Alberico (Alberic) Crescitelli (1863–1900), Chinese name Guo Xide (), was an Italian Catholic priest and missionary to China. Born in Italy on 30 June 1863, Alberico Crescitelli entered the Pontifical Institute for Foreign Missions in 1880 and was ordained a priest on 4 June 1887. The following year he went to China and began work in southern Shaanxi.

Crescitelli was believed to have been killed in the Boxer Rebellion. Crescitelli's confreres, who had known him well and for many years, started his beatification cause in 1908, only eight years after his death. The testimony provided by the confreres was unanimous about the holiness of Crescitelli's life.

At the Vatican, in St. Peter's Basilica on 18 February 1951, Pope Pius XII declared Alberico Crescitelli "blessed." The Pope's speech was memorable especially for the passage in which he described Father Crescitelli's martyrdom:

Pope John Paul II included him in the list of 120 Martyr Saints of China canonized in St. Peter's Square on October 1, 2000.
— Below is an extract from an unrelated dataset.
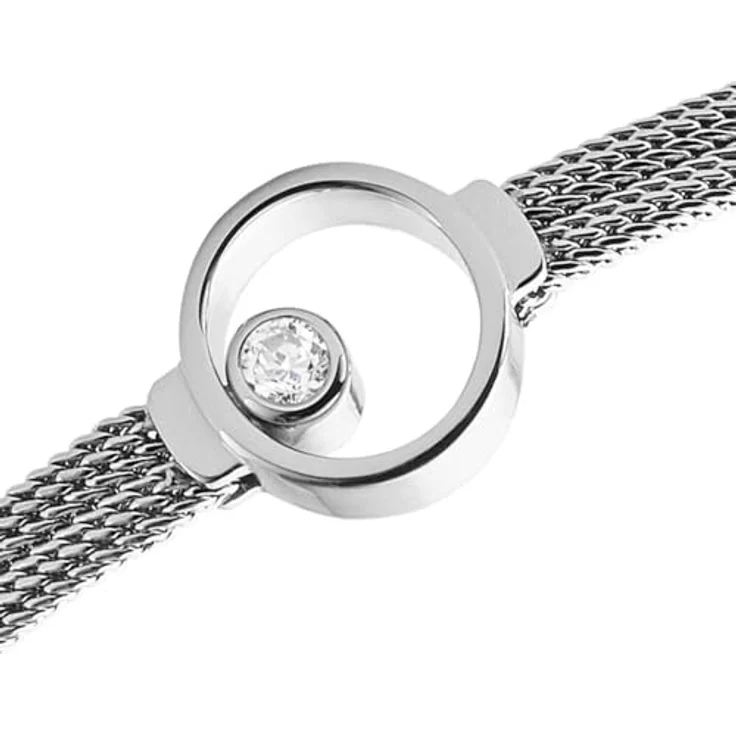 Skagen Damen Edelstahl Mesh Armband ELIN, 16,5 cm mit 4 cm Verlängerung und Karabinerverschluss, mit Kreiselement und Glasstein – Bild 3
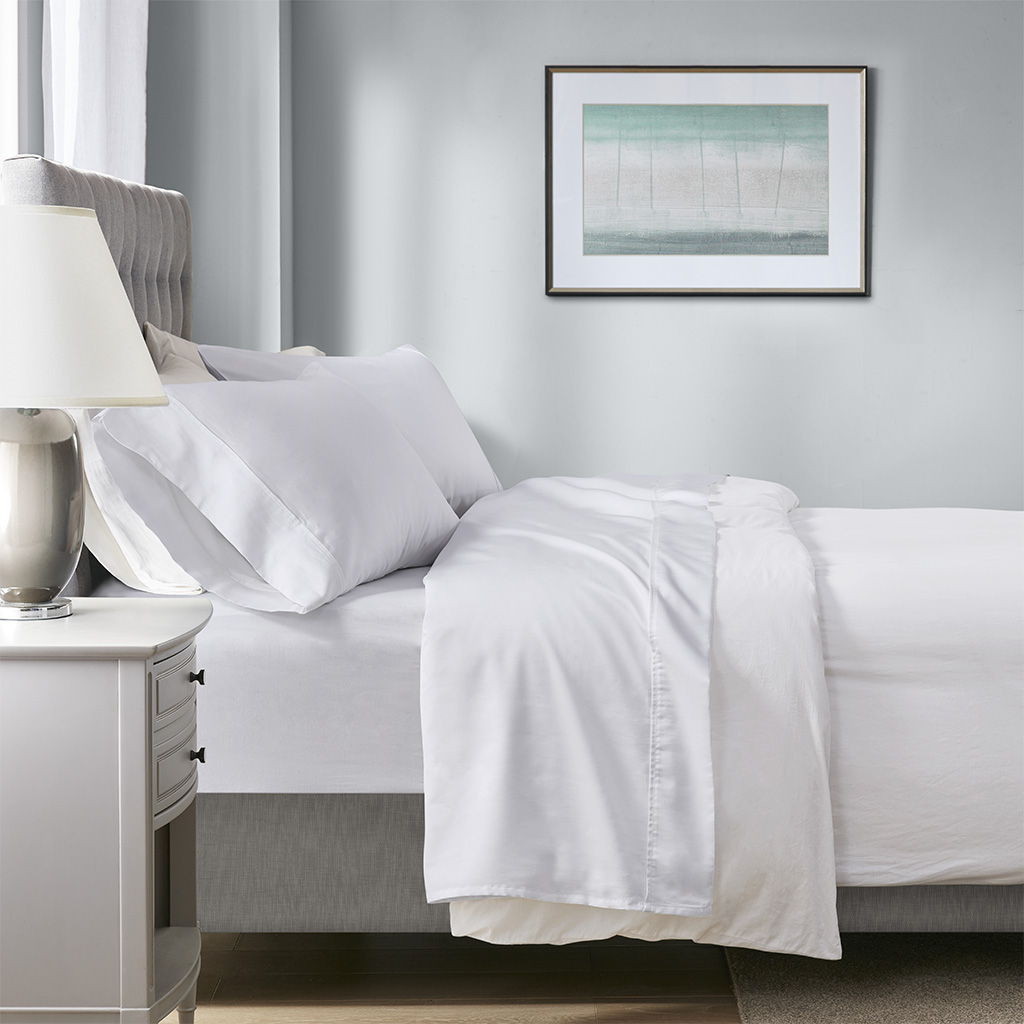 1000 Thread Count - HeiQ Smart Temperature Cotton Blend 4 Piece Sheet Set - White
This large group canonisation was bitterly opposed in China itself, with Bishop Fu Tieshan, the leader of the state-run Chinese Patriotic Catholic Association describing it as "intolerable". A statement released by the Chinese Foreign Ministry alleged that "some of those canonised by the Vatican this time perpetrated outrages such as raping or looting in China and committed unforgivable crimes against the Chinese people." A further statement from China's State Administration of Religious Affairs singled out Alberico Crescitelli for special comment, alleging that he had been "notorious for taking the 'right of the first night' of each bride under his diocese." The Catholic Church's Holy Spirit Study Centre in Hong Kong has described the accusations as baseless.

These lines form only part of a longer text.